Once the point of origin of a suspicious fire is located, an investigator searches for an "accelerant" which is a flammable liquid that may have been used to increase the speed at which the fire spreads. Most arson fires are set using some type of flammable substance to ensure that the fire spreads quickly and does significant damage. Even with the resulting fire, it is rare that the accelerant is completely consumed and can often be found in porous surfaces such as floorboards or plaster. A highly sensitive portable vapor detector can be used to help identify whether accelerants are present in the fire debris. Samples can be collected and taken to the laboratory for positive identification and analysis.

How does chemistry figure into the investigation process?

The most common accelerants are petroleum products like gasoline and kerosene. These liquids are made up of hundreds of different volatile chemicals and will have a unique chemical signature when analyzed. For instance, a sample of gasoline will have a specific chemical composition because the type and relative number of chemical compounds will be different than another type of liquid like kerosene. Thus, chemical analysis is key to determining what accelerant was used.

How do investigators link what they find to a suspect?

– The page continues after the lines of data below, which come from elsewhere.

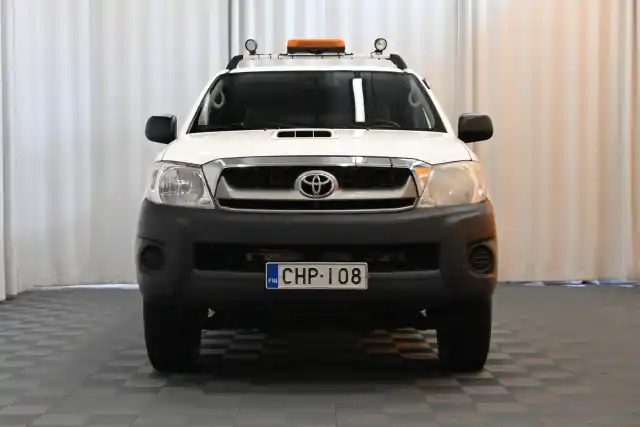 Valkoinen Avolava, Toyota Hilux – CHP-108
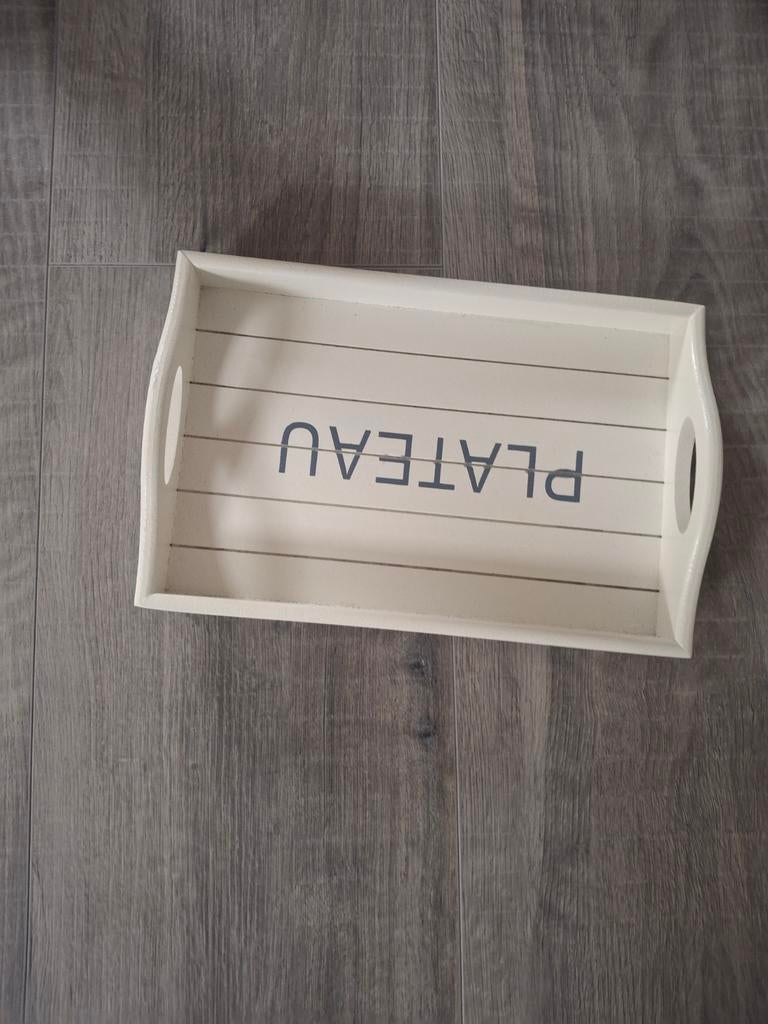 2 bank/bed tafeltjes met uitklapbare poten, Ophalen of Verzenden, Zo goed als nieuw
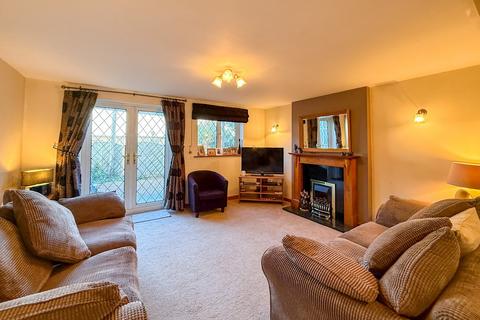 3 bedroom terraced house for sale, Damfield Mews, Huddersfield HD4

Using chemical analysis, one can determine if a fire was caused by arson. For example, if a fire originated in a bedroom and significant amounts of gasoline were found in the debris located there, this would be a logical clue that the fire may have been set on purpose. Furthermore, the chemical signature of the accelerant can be used to link a possible suspect to the crime. If a person is in possession of a flammable substance that exactly matches that found in the fire debris, this would be good circumstantial evidence to prove that the person may be involved with the fire. However, the police would need to find such a person and locate the necessary evidence to be tested.

Are there problems or limitations with current arson investigation techniques?

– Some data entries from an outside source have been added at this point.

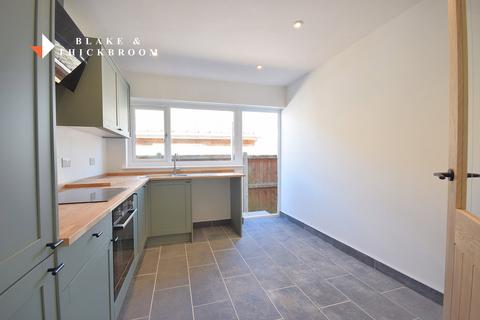 2 bedroom detached bungalow for sale, Nansen Road, Holland-on-Sea, CO15 5EF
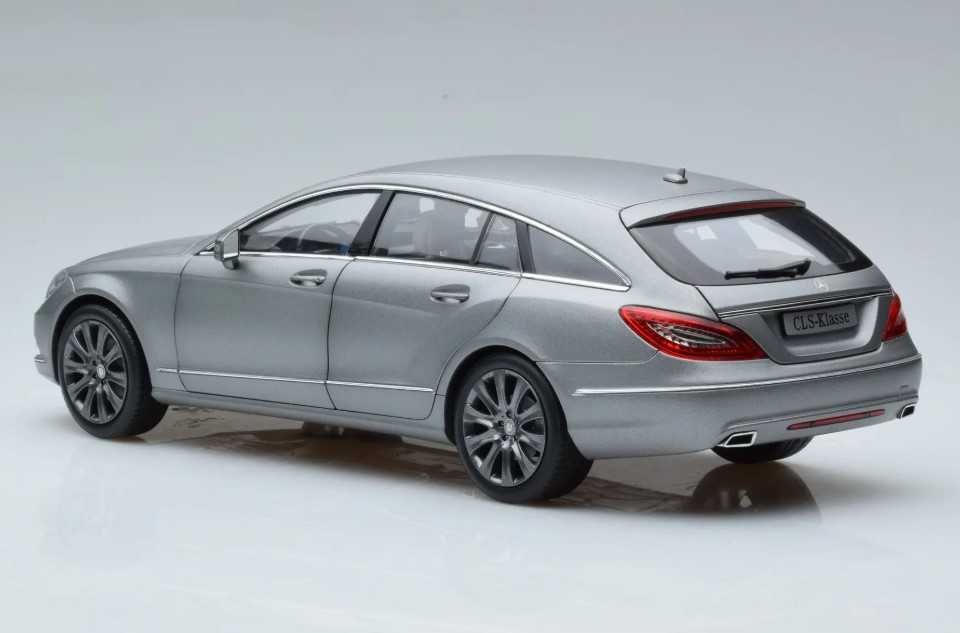 Macheta metalica - Mercedes-Benz CLS-Class 2012, Gri,1:18 Norev.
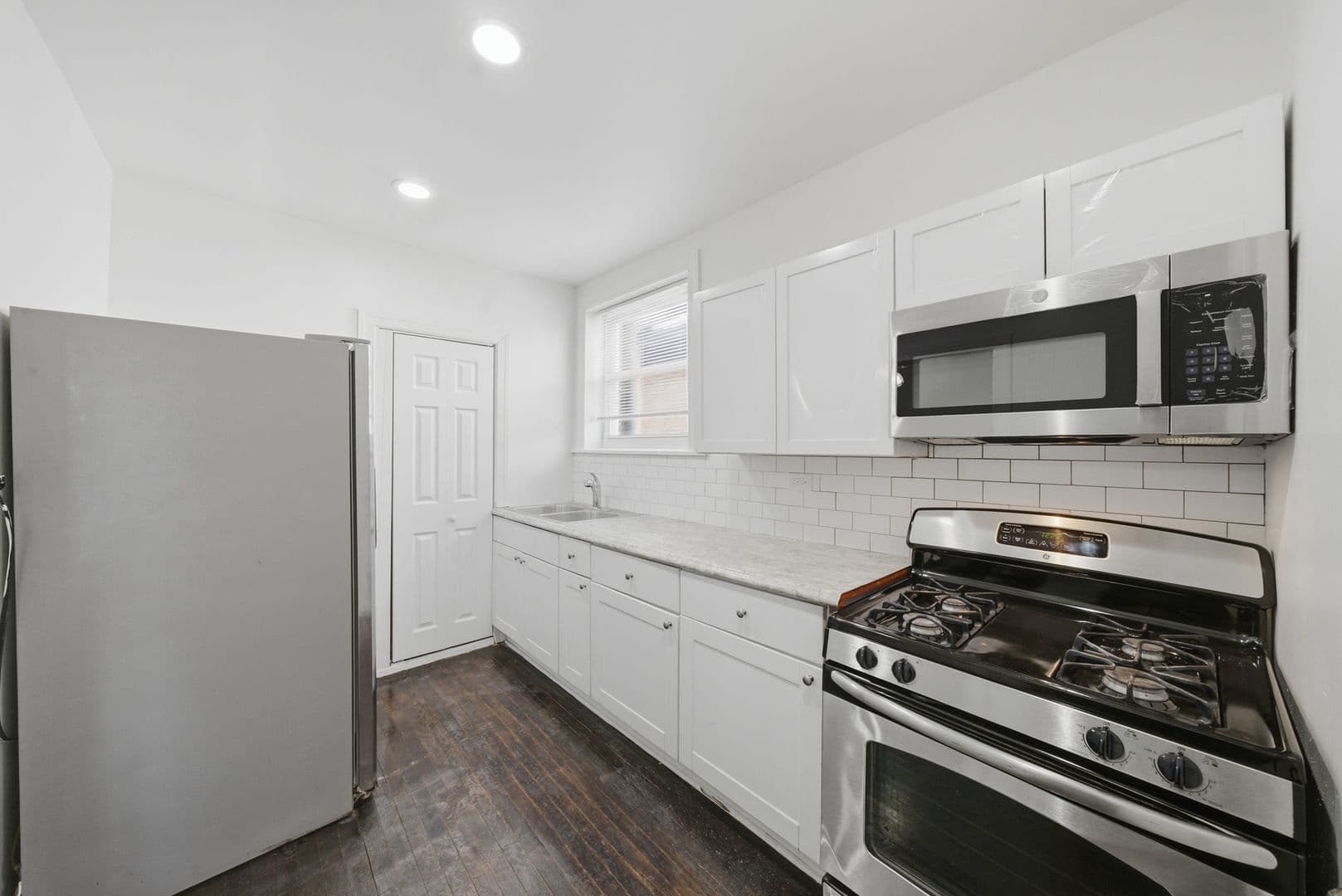 Chicago Apartment: 8007 S Carpenter St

At the current time it is nearly impossible to determine the exact brand of flammable accelerant through chemical analysis. This is due to the fluctuations in production by the automobile gasoline suppliers. In addition, the heat of the fire may cause the accelerant residue to be changed somewhat due to evaporation of certain chemicals. Finally, the analysis cannot locate the person that may have set the fire if there are no suspects. Such analysis can link someone to a fire only if a person has been identified and a subsequent search has discovered materials that were used to set the fire. For all these reasons the forensic evidence may not be enough to lead to a conviction.

How is forensic evidence in an arson case viewed by the courts?

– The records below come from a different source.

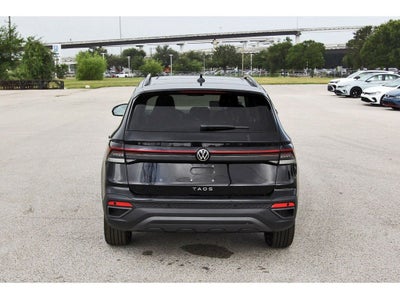 2026 Volkswagen Taos 1.5T SE Black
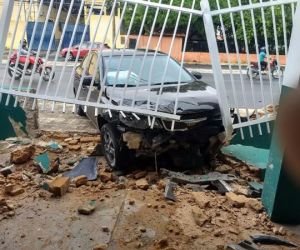 Carro sobe calçada e invade escola na zona Sul de Teresina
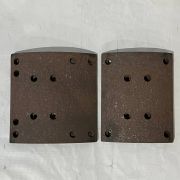 Накладка тормозная задняя (10+8 отв, d=8, 2шт) F3000 красная, QINYAN // DZ9112340062/63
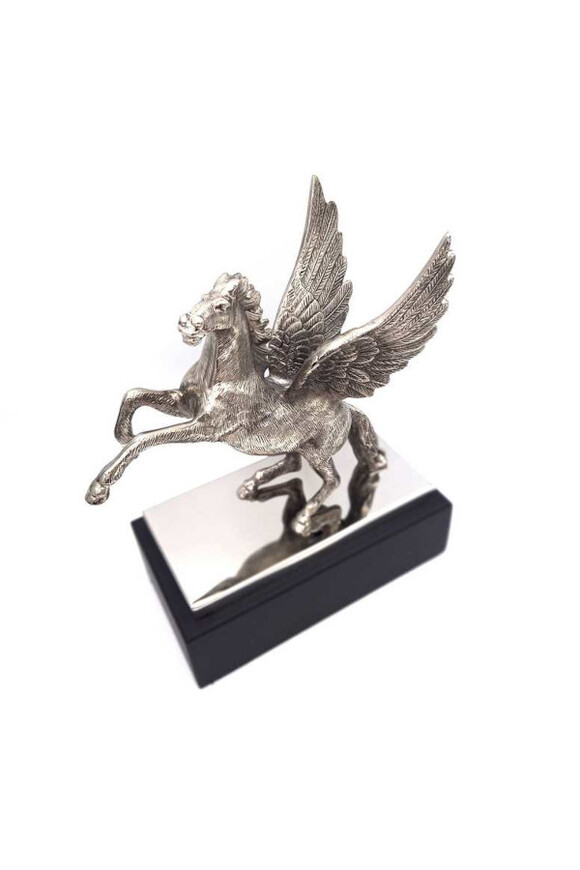 Pegaz, elegancka figurka konia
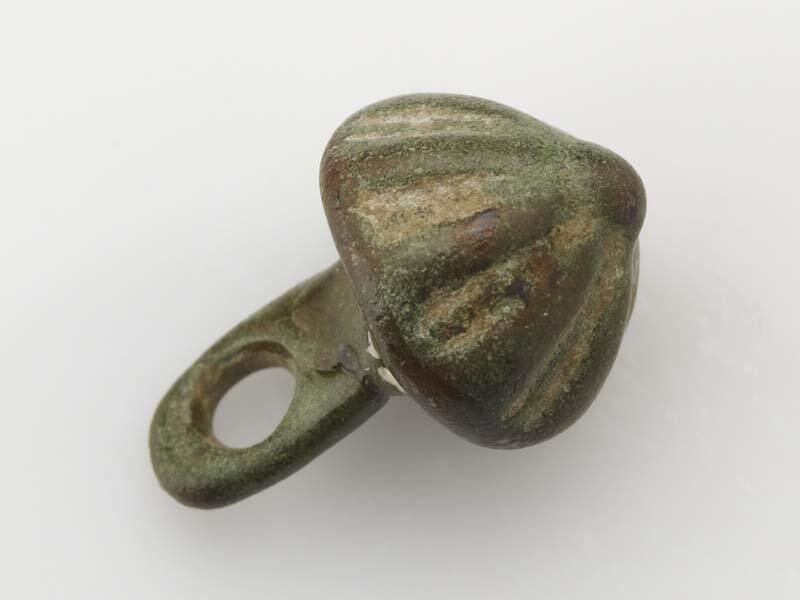 Ronde, bolle bronzen knoop met verhoogd hart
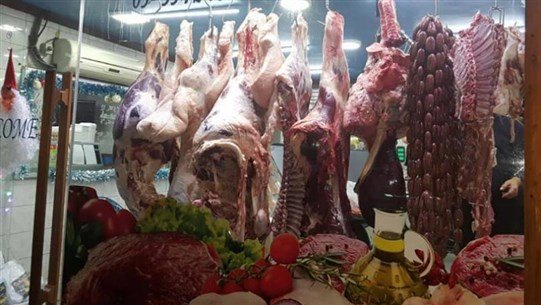 إقفال ملحمة في الدوير لعدم استيفائها الشروط الصحية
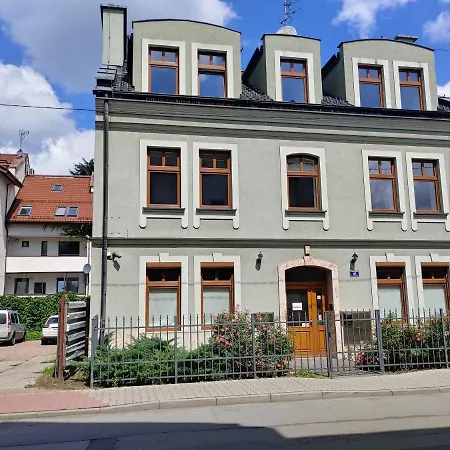 999 Aparthostel * Krasków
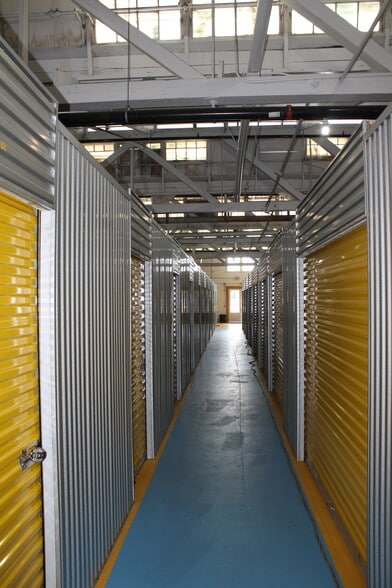 More Photos Of 160 W Haines Blvd, Lake Alfred Self Storage For Sale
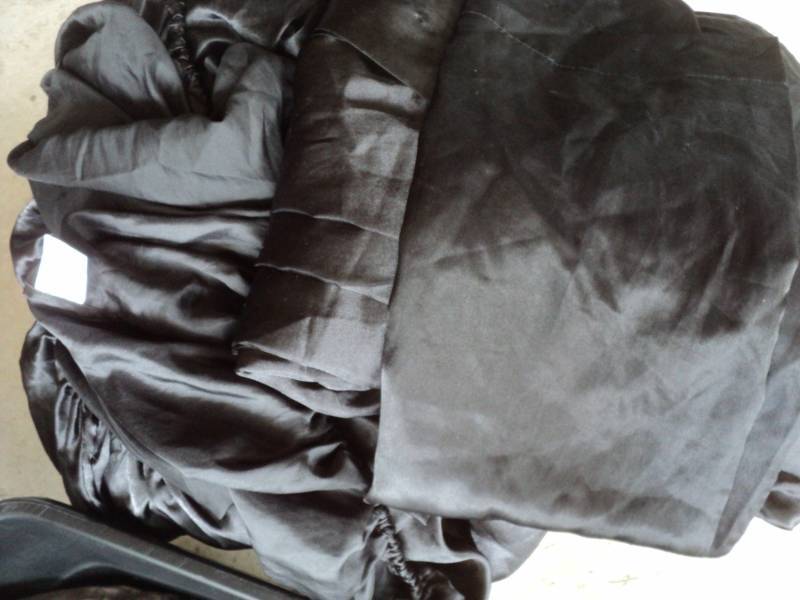 lot 11 image: Black King Size Set of Sheets miss...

There are two types of evidence: direct and circumstantial. Direct evidence is defined as eyewitness testimony. Forensic evidence, such as the chemical analysis of fire debris, is considered circumstantial. Before it can be considered by the court, a scientific procedure must be deemed reproducible and accurate. In the United States, most of the decision- making power regarding whether scientific evidence is admissible is held by the court judge presiding over the case. Most testimony involving this type of forensic evidence is given by expert witnesses, such as scientists working in the laboratory where the analysis was performed. In most cases the forensic evidence can be quite convincing if presented to the jury in a clear manner. Forensic evidence is becoming more important and widespread as the scientific techniques used to analyze samples become better and easier to use.

How are College of Wooster students learning to use forensic science techniques?

Chemistry students at The College of Wooster learn to use the sophisticated instrumentation necessary to carry out arson investigations and other types of forensic chemical analysis. Students in my class actually perform an investigation into a fictitious murder using chemical analysis. This gives them a chance to practice the skills they learned in the classroom and the lab in a "real-life" situation. Students not only learn about what is currently done, but help develop new forensic methods in their research projects. Last summer, for example, a Wooster student investigated a new method of detecting accelerants from fire debris. These findings will be published nationwide.